This month, radio astronomers announced that they had discovered the darkest galaxy ever not quite seen, a cloud of hydrogen gas resembling our own Milky Way galaxy in many respects, such as its mass and rotation, but with no stars that anyone can discern.

“What we might have here — might — is the discovery of a primordial galaxy, a galaxy that is so diffuse, it hasn’t been able to form stars readily,” Karen O’Neil of the Green Bank Observatory in West Virginia told a news conference at a meeting of the American Astronomical Society in New Orleans on Jan. 8.

That same week, a group of Spanish astronomers led by Mireia Montes, a research fellow at the Canary Islands Institute of Astrophysics, revealed the discovery of another nearly starless galaxy they called Nube, Spanish for “cloud.”

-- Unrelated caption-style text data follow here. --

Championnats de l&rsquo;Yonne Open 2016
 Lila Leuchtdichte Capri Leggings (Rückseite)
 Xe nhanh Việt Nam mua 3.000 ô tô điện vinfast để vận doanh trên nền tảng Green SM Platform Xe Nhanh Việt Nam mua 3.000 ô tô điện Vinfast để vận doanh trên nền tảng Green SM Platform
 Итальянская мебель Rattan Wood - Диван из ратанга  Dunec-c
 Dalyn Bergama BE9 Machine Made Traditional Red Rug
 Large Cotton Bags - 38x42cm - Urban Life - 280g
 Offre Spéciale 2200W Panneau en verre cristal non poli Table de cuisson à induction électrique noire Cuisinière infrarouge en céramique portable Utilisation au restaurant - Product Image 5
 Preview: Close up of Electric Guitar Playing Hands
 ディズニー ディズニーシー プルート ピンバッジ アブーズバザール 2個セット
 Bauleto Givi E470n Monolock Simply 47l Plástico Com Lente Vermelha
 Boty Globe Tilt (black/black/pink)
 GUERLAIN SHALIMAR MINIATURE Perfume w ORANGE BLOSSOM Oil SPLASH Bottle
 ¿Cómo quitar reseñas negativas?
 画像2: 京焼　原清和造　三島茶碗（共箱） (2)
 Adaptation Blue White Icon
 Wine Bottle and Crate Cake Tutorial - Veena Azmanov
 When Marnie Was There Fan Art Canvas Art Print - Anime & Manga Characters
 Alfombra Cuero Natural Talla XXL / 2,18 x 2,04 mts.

“With our present knowledge, we do not understand how a galaxy with such extreme characteristics can exist,” Montes said in a statement released by the institute. Montes is the first author of the new paper, which was published in the journal Astronomy & Astrophysics.

And so, we can add “dark galaxies” to “dark matter,” “dark energy” and the other terms of darkness already in the cosmic lexicon.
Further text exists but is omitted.